#### To do:
Among the lines of the listing below, retype exactly those from the one containing "Tessuto blu navy" through the one containing "Instalace konstrukcí nového", both included. Do not include pictures.

#### Dataset content:
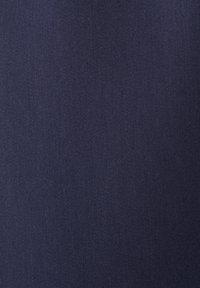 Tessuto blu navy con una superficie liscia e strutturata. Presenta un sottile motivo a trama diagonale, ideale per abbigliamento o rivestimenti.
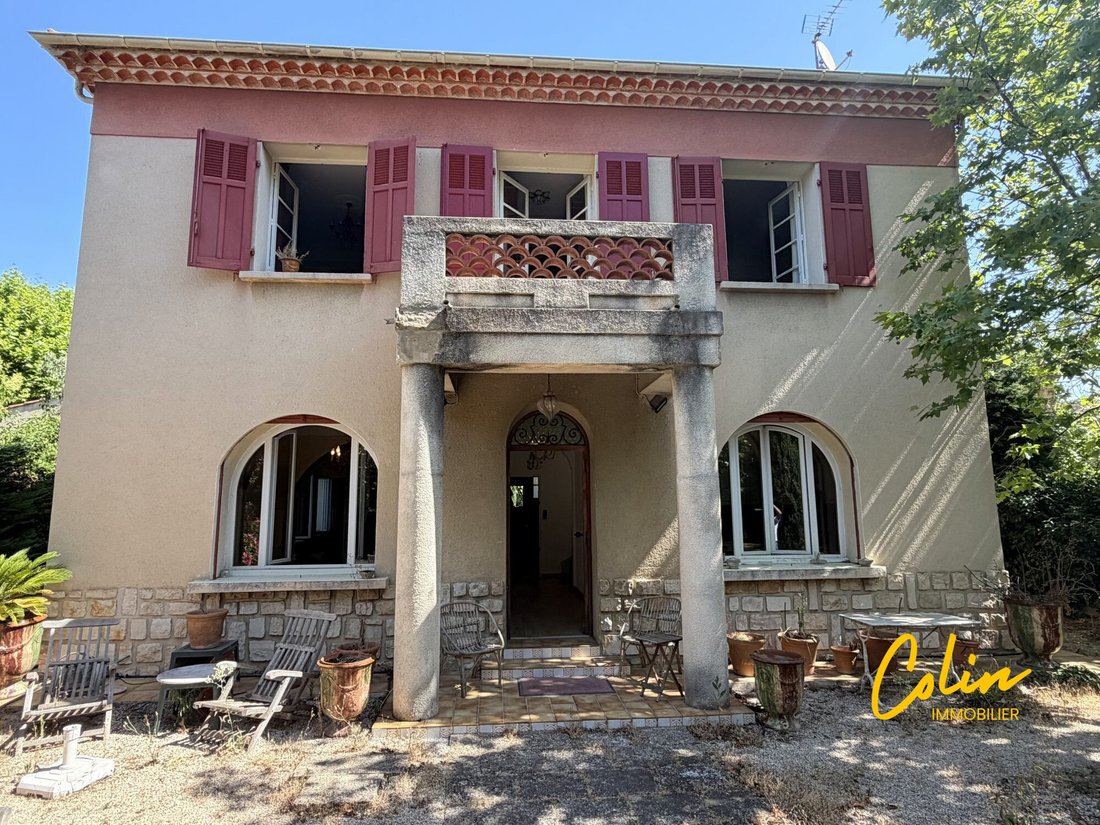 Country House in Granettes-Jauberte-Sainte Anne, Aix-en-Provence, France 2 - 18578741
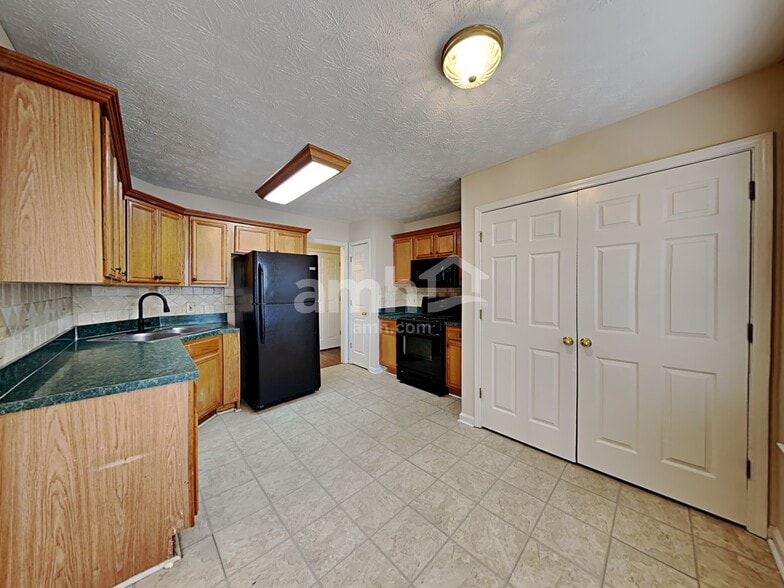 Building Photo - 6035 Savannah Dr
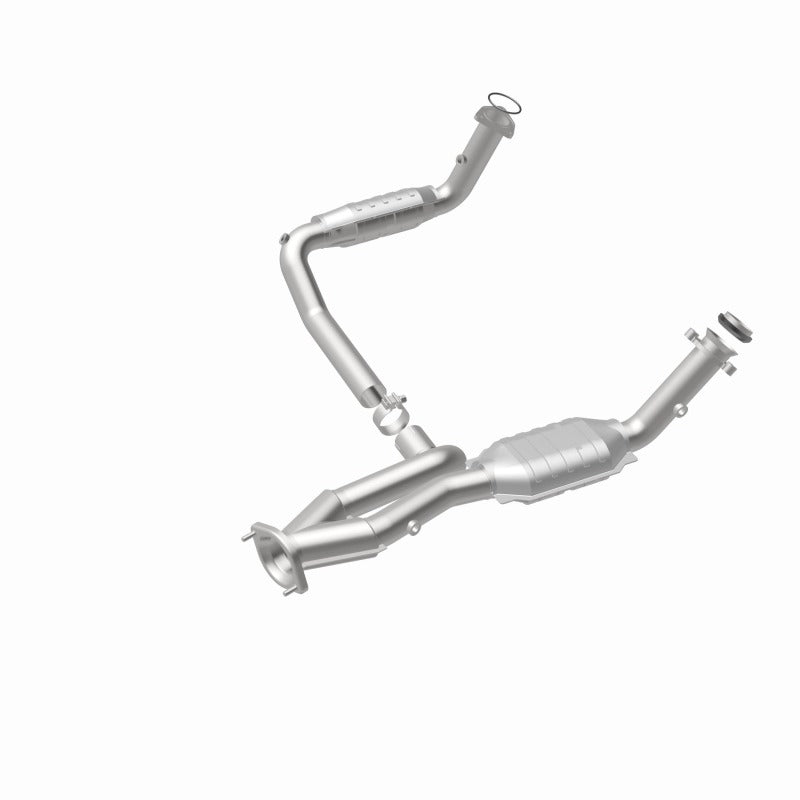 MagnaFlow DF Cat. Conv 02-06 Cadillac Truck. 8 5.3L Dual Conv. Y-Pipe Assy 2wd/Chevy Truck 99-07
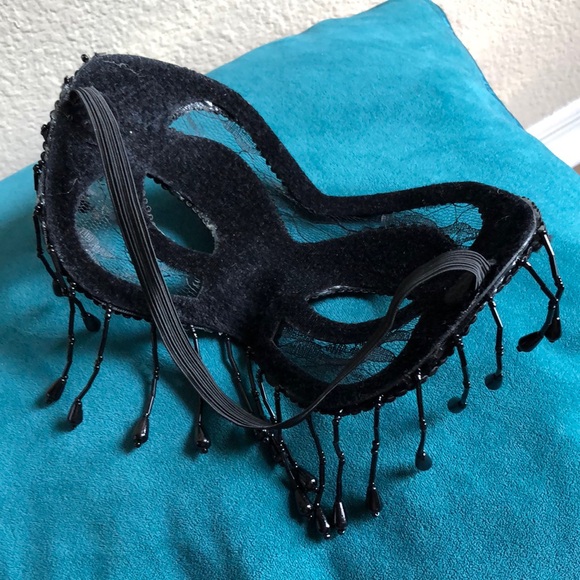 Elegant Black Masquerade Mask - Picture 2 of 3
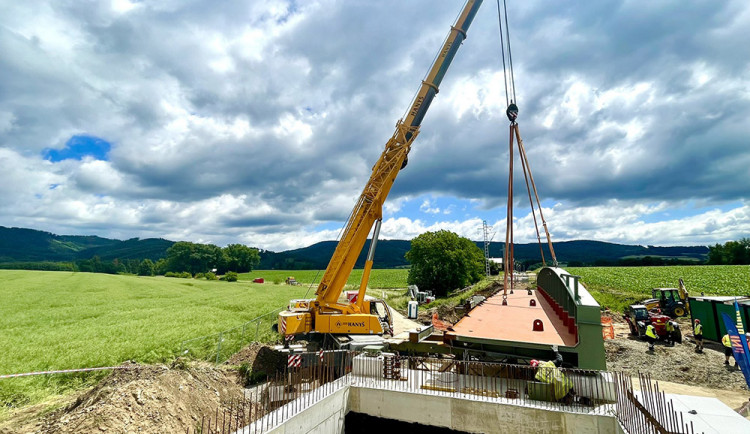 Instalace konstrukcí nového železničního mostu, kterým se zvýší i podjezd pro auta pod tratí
...
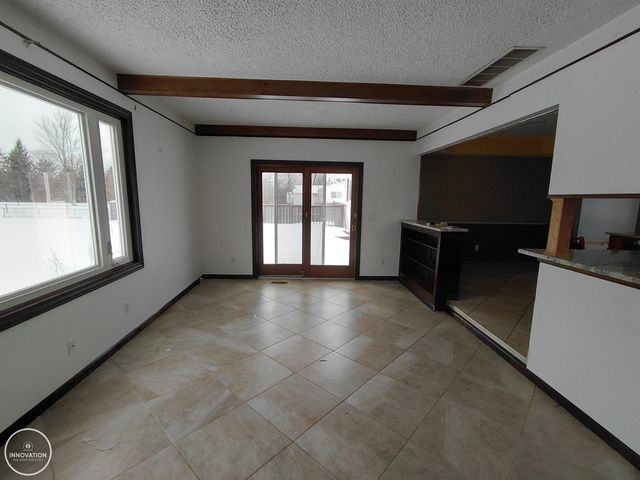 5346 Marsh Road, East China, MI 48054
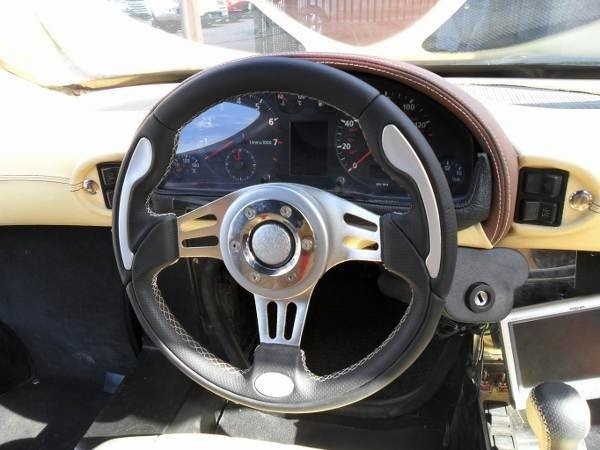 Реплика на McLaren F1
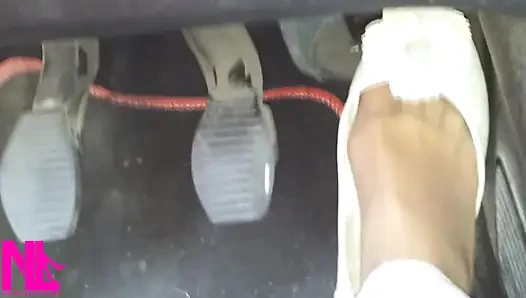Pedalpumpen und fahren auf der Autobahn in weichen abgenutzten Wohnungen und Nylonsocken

#### Exercise answer:
 Tessuto blu navy con una superficie liscia e strutturata. Presenta un sottile motivo a trama diagonale, ideale per abbigliamento o rivestimenti.
 Country House in Granettes-Jauberte-Sainte Anne, Aix-en-Provence, France 2 - 18578741
 Building Photo - 6035 Savannah Dr
 MagnaFlow DF Cat. Conv 02-06 Cadillac Truck. 8 5.3L Dual Conv. Y-Pipe Assy 2wd/Chevy Truck 99-07
 Elegant Black Masquerade Mask - Picture 2 of 3
 Instalace konstrukcí nového železničního mostu, kterým se zvýší i podjezd pro auta pod tratí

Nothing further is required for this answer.